The first author of the new study is Zhengyu Ma, a recent PhD physics graduate in Arts & Sciences, who conducted her work with Ralf Wessel, professor of physics. The research draws on data from neuronal recordings of freely behaving mice that Hengen collected at Brandeis University. Hengen has since built his own laboratory at Washington University, and he is collecting his own neuronal recordings -- recordings that span months and hundreds of neurons.
Such recordings are extraordinarily data-intensive and technically challenging.

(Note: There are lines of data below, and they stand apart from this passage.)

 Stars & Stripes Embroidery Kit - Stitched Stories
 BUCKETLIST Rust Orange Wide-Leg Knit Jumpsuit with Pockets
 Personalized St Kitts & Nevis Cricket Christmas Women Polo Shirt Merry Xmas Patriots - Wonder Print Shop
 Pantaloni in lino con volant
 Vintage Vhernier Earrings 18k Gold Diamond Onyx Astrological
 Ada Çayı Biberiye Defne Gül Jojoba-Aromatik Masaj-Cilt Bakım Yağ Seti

"The temporal resolution is very high -- that's an advantage," Ma said. "Also, they can record nine days. I'm still very surprised by this. There are not many labs that can reach nine days of recording." With few exceptions, the previous state-of-practice for neuronal recordings was 30 minutes to a few hours, tops -- a maximum that use to limit experimental tests of criticality.

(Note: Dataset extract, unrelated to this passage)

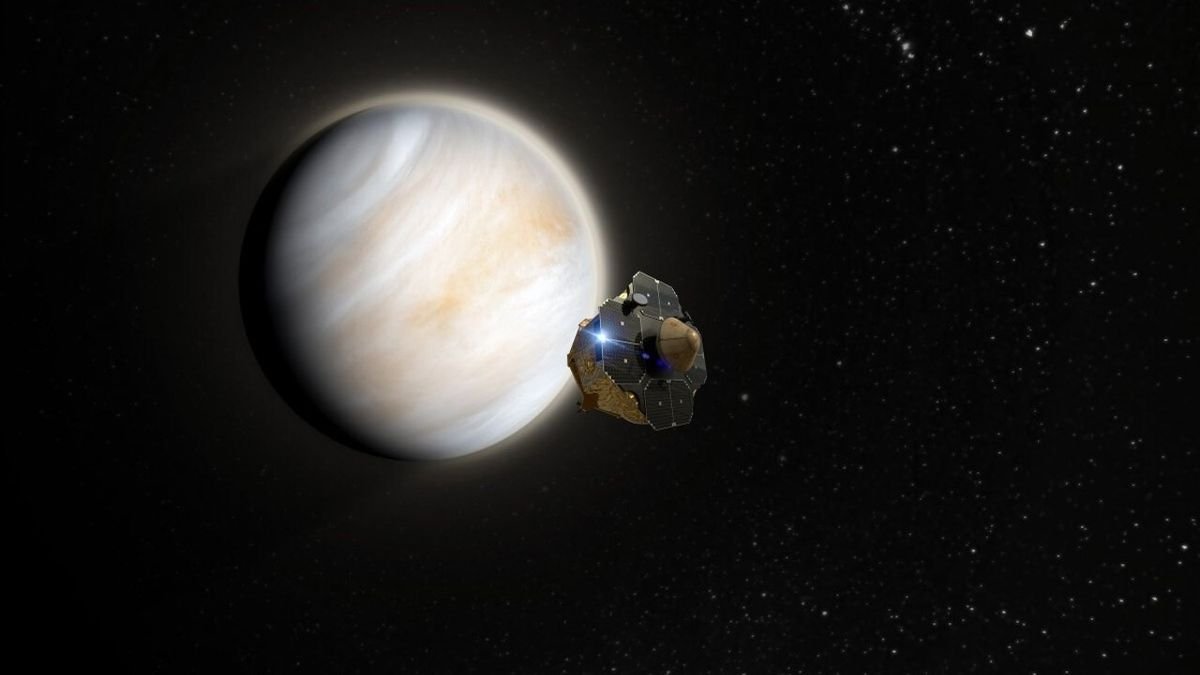 illustration of a small spacecraft approaching cloudy venus with the blackness of space in the background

With Ma contributing to the computational heavy lifting, Hengen and his co-authors combined and processed the data from Hengen's many single-neuron recordings over time to model activity across entire neural networks.
Criticality is disrupted, then re-emerges
Taking advantage of their ability to continuously track the activity of neurons for more than a week, the researchers first confirmed that network dynamics in the visual cortex are robustly tuned to criticality, even across light and dark cycles.

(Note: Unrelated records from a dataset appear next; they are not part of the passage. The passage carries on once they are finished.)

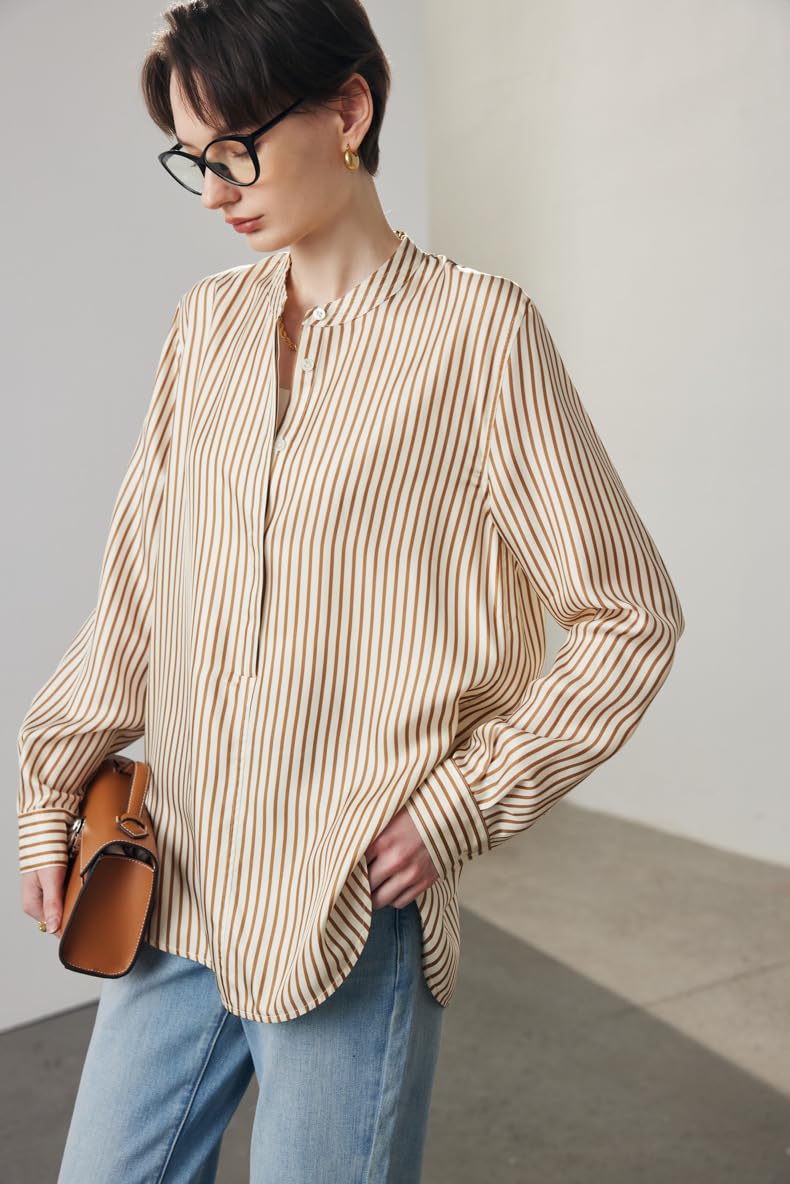 Donna Blusa da Ufficio in Seta con Collo Alto e Stampa
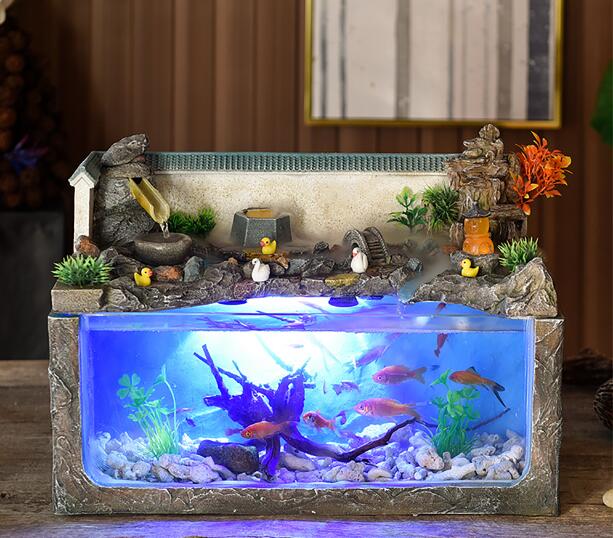 ecological fish tank desktop home fountain landscape aquarium wind water wheel ornaments Office decorations Retro Chinese Europe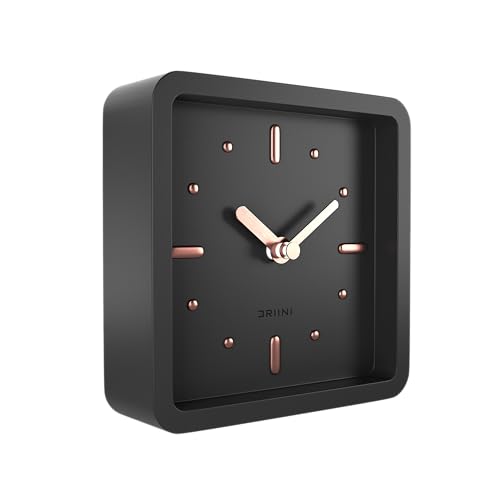 Driini Modern Mid Century Desk & Shelf Clock (Black Rose Gold) - Battery Operated with Silent, Analog Movement – Small Tabletop Clocks for Office – Perfect for Mantle, End Table, Desktop or Nightstand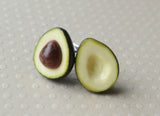 Avocado Earrings, Polymer Clay Miniature Food Jewelry Stud Earrings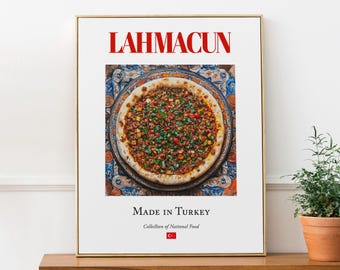 Lahmacun Traditional Turkish Cuisine, Kitchen and Restaurant Decor, Turkish Pizza Print, Foodie Gift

Next, by blocking vision in one eye, the researchers revealed that criticality was severely disrupted, more than a day before the manipulation affected the firing rates of individual neurons.
Twenty-four hours later, criticality re-emerged in the recordings -- at which point individual neurons were suppressed by the visual deprivation.
"It seems that as soon as there's a mismatch between what the animal expects and what it's getting through that eye, the computational dynamic falls apart," Hengen said.
"This is consistent with the theoretical physics that the critical regime is firing-rate independent," he said. "It's not about just the total number of spikes in the network, because the firing rate hasn't changed at all at the very early part of deprivation -- and yet the regime falls apart."
The researchers now believe that criticality in the brain is likely connected to inhibitory neurons imposing and organizing the computational dynamics.
The findings could have important implications for motor learning and for disease. The brain's self-organization around criticality is an active process, Hengen noted, and impaired homeostatic regulation is increasingly implicated in severe human pathologies such as Alzheimer's, epilepsy, Rett Syndrome, autism and schizophrenia.
"One interpretation of this work is that criticality is a homeostatic end goal for networks in the brain," Hengen said. "It's an elegant idea: that the brain can tune an emergent property to a point neatly predicted by the physicists. And it makes intuitive sense, that evolution selected for the bits and pieces that give rise to an optimal solution. But time will tell. There's a lot of work to be done."